Regarding the sufficiency of the evidence, we must take the evidence in a light most favorable to the verdict. Accordingly, we must assume that the jury chose to accept Murphy's claim that he dealt with Baker through March 10, 2000. Murphy also made clear that Baker knew the repeated sales of powdered cocaine were for cooking and redistribution as crack cocaine. In fact, Murphy made clear that Baker accommodated Murphy, a buyer of substantial quantities, by discounting his price and by giving additional powdered cocaine to make up for a shortage in the quantity of crack cocaine produced.
Other testimony, accepted as credible and viewed in a light most favorable to the jury's verdict, showed that Baker, with Hoskins, was involved in the sale and purchase of one half kilogram quantities of powdered cocaine to and from Howard, that Baker sold a resale quantity of crack cocaine to Wallace, that Hoskins cooperated with Baker to facilitate the sale to Wallace, and that Baker, on at least one occasion, received two ounces-more than fifty grams-of crack cocaine from Johnson. Finally, the discovery of baggies with cocaine residue and wrappers for kilogram bricks of cocaine in Baker's garage reinforce this testimony.

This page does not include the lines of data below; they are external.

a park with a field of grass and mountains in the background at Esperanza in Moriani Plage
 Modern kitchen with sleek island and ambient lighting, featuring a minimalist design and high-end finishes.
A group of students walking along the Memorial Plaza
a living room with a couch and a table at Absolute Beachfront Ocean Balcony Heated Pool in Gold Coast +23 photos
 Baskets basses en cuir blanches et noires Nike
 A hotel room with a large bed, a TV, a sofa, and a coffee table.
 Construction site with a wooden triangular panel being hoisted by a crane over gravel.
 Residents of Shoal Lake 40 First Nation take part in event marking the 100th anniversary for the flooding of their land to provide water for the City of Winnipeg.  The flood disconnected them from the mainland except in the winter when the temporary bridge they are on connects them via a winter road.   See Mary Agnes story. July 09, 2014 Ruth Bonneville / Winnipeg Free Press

As the foregoing makes clear, this is not the case of an isolated sale or isolated, uncorroborated testimony about a defendant's association with substantial quantities of drugs or particular co-conspirators. The jury easily could have found that the evidence of powdered cocaine sales, the cocaine packaging found in Baker's garage, and evidence of a crack cocaine sale to Wallace, tended to make each cooperating witness's testimony more credible than it might have been had any one of the witness's testimony been the only evidence against Baker.
We reverse the judgment of the district court and remand for reinstatement of the jury's verdict on Count I and for sentencing on Count I.